Unicast, ( refers the left diagram ) is a type of packet transmission sent from a source to another destination. In unicast, there is only one sender and one receiver. Most of the application today is Unicast, example HTTP, SMTP, FTP etc. which employ the TCP transport protocol.
Broadcast transmission, ( refers the diagram below ) is a communication method where a piece of packet/information is sent from a source to all other destinations within the given address range. Broadcasting normally happen on Layer-2 using ARP ( Address Resolution Protocol )
Multicast, ( refers the diagram right below ) is a transmission technology that delivered the sender’s packet or information to a specific groups of recipients. Most common low level protocol to use multicasting addressing is UDP. Unlike broadcast transmission, the recipients only receive the packets if they have previously choose to receive by joining using IGMP. The multicasting is useful when a group of recipients are to receive the same packets from a specific sender over the network at the same time ( refers the diagram below ), it would contribute a significant bandwidth savings and optimizations ( refers the diagram below ). The common usage of the multicasting is IP-television.
Multicast (top) compared with unicast broadcasting (bottom). Orange circles represent endpoints, and green circles represent routing points.

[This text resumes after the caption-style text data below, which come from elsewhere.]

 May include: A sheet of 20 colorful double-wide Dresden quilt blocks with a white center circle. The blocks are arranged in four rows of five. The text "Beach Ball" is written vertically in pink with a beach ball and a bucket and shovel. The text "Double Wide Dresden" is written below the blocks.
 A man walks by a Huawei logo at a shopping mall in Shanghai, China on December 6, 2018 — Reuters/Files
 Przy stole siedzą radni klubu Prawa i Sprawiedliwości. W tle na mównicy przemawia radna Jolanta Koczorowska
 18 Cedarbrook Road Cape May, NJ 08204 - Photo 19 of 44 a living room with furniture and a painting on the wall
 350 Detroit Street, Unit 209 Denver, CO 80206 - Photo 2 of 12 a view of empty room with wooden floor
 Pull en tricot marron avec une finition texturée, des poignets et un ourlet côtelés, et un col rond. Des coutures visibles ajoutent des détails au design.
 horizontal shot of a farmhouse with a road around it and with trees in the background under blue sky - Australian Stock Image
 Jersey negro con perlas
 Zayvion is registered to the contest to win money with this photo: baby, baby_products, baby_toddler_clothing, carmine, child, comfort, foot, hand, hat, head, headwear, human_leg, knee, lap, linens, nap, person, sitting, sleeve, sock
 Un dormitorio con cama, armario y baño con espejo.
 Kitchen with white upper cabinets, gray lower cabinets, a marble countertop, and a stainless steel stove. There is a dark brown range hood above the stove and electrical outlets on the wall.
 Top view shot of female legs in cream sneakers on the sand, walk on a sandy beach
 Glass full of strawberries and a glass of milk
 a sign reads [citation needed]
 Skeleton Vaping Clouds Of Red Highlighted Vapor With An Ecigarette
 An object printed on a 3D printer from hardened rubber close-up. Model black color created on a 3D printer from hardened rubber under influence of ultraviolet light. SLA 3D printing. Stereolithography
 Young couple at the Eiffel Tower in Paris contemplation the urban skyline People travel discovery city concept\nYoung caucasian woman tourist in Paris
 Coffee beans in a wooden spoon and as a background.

Anycast, ( refers the left diagram ) is another type of transmission that may not commonly discussed. Anycast transmission is mostly used in the routing purposes where the packets are transmits to the destinations via the “best” routing topology. BGP is one of the anycast transmission where the destination IP address/range is received by the source/sender’s router via difference routes but the will be only one route to be chosen for the packet transmission.